**Task directions**
In the entries below, which lines run from the one containing "川崎・妙楽寺でアジサイ見頃、約千株が境内を彩る" to the one containing "Ô nhiễm rác"? Copy exactly those lines, ends included, and no others.

**Records supplied**
§ §
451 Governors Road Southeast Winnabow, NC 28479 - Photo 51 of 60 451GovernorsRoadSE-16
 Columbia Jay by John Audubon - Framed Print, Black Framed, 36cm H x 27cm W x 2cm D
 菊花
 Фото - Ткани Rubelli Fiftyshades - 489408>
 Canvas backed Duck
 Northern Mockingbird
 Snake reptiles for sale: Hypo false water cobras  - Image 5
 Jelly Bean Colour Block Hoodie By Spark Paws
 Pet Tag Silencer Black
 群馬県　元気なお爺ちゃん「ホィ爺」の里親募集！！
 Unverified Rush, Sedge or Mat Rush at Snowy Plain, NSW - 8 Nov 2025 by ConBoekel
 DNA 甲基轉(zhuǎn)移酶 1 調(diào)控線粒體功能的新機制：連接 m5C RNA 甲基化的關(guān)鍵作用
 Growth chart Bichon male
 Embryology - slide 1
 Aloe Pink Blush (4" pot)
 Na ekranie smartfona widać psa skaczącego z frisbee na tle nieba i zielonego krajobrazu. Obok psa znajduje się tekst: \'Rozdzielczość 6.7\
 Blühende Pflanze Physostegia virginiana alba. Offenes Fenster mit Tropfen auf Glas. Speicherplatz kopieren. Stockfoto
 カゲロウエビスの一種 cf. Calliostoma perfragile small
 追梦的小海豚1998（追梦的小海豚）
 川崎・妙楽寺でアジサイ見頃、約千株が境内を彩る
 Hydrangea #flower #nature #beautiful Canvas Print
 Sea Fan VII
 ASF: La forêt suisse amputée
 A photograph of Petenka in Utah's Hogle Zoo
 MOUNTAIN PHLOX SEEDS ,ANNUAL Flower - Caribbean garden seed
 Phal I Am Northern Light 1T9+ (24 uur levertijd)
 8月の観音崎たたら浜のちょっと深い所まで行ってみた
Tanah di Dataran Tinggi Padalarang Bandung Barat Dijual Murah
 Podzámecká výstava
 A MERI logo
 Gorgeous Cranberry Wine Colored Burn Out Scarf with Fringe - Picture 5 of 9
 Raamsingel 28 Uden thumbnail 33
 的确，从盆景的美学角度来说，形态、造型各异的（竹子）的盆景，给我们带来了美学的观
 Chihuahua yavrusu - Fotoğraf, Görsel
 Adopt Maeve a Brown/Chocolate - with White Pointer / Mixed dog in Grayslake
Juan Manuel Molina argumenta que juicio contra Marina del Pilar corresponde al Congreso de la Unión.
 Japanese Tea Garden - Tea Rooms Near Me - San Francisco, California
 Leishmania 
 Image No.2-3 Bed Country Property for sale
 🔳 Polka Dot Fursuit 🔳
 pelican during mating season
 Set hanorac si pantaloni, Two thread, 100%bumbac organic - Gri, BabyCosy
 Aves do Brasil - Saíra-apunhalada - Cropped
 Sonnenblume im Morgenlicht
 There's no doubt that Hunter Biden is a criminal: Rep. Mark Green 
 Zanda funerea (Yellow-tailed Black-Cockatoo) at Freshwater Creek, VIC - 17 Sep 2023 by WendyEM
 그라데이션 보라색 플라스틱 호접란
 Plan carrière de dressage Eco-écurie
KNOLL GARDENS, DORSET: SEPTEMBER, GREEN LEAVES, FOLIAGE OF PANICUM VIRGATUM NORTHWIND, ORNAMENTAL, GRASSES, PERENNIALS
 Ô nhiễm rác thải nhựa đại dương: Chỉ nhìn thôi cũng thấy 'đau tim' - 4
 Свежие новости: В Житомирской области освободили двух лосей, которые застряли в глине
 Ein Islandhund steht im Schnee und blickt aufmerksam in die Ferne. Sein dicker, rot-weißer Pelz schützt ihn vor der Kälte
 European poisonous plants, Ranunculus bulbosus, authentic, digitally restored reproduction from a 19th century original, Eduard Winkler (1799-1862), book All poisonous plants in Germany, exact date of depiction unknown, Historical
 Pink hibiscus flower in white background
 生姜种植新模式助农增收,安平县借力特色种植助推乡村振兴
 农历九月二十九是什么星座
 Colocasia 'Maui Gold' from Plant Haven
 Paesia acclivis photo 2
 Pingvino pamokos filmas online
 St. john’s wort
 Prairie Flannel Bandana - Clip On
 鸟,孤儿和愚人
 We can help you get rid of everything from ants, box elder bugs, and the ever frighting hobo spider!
§ §
**Answer to the problem**
 川崎・妙楽寺でアジサイ見頃、約千株が境内を彩る
 Hydrangea #flower #nature #beautiful Canvas Print
 Sea Fan VII
 ASF: La forêt suisse amputée
 A photograph of Petenka in Utah's Hogle Zoo
 MOUNTAIN PHLOX SEEDS ,ANNUAL Flower - Caribbean garden seed
 Phal I Am Northern Light 1T9+ (24 uur levertijd)
 8月の観音崎たたら浜のちょっと深い所まで行ってみた
Tanah di Dataran Tinggi Padalarang Bandung Barat Dijual Murah
 Podzámecká výstava
 A MERI logo
 Gorgeous Cranberry Wine Colored Burn Out Scarf with Fringe - Picture 5 of 9
 Raamsingel 28 Uden thumbnail 33
 的确，从盆景的美学角度来说，形态、造型各异的（竹子）的盆景，给我们带来了美学的观
 Chihuahua yavrusu - Fotoğraf, Görsel
 Adopt Maeve a Brown/Chocolate - with White Pointer / Mixed dog in Grayslake
Juan Manuel Molina argumenta que juicio contra Marina del Pilar corresponde al Congreso de la Unión.
 Japanese Tea Garden - Tea Rooms Near Me - San Francisco, California
 Leishmania 
 Image No.2-3 Bed Country Property for sale
 🔳 Polka Dot Fursuit 🔳
 pelican during mating season
 Set hanorac si pantaloni, Two thread, 100%bumbac organic - Gri, BabyCosy
 Aves do Brasil - Saíra-apunhalada - Cropped
 Sonnenblume im Morgenlicht
 There's no doubt that Hunter Biden is a criminal: Rep. Mark Green 
 Zanda funerea (Yellow-tailed Black-Cockatoo) at Freshwater Creek, VIC - 17 Sep 2023 by WendyEM
 그라데이션 보라색 플라스틱 호접란
 Plan carrière de dressage Eco-écurie
KNOLL GARDENS, DORSET: SEPTEMBER, GREEN LEAVES, FOLIAGE OF PANICUM VIRGATUM NORTHWIND, ORNAMENTAL, GRASSES, PERENNIALS
 Ô nhiễm rác thải nhựa đại dương: Chỉ nhìn thôi cũng thấy 'đau tim' - 4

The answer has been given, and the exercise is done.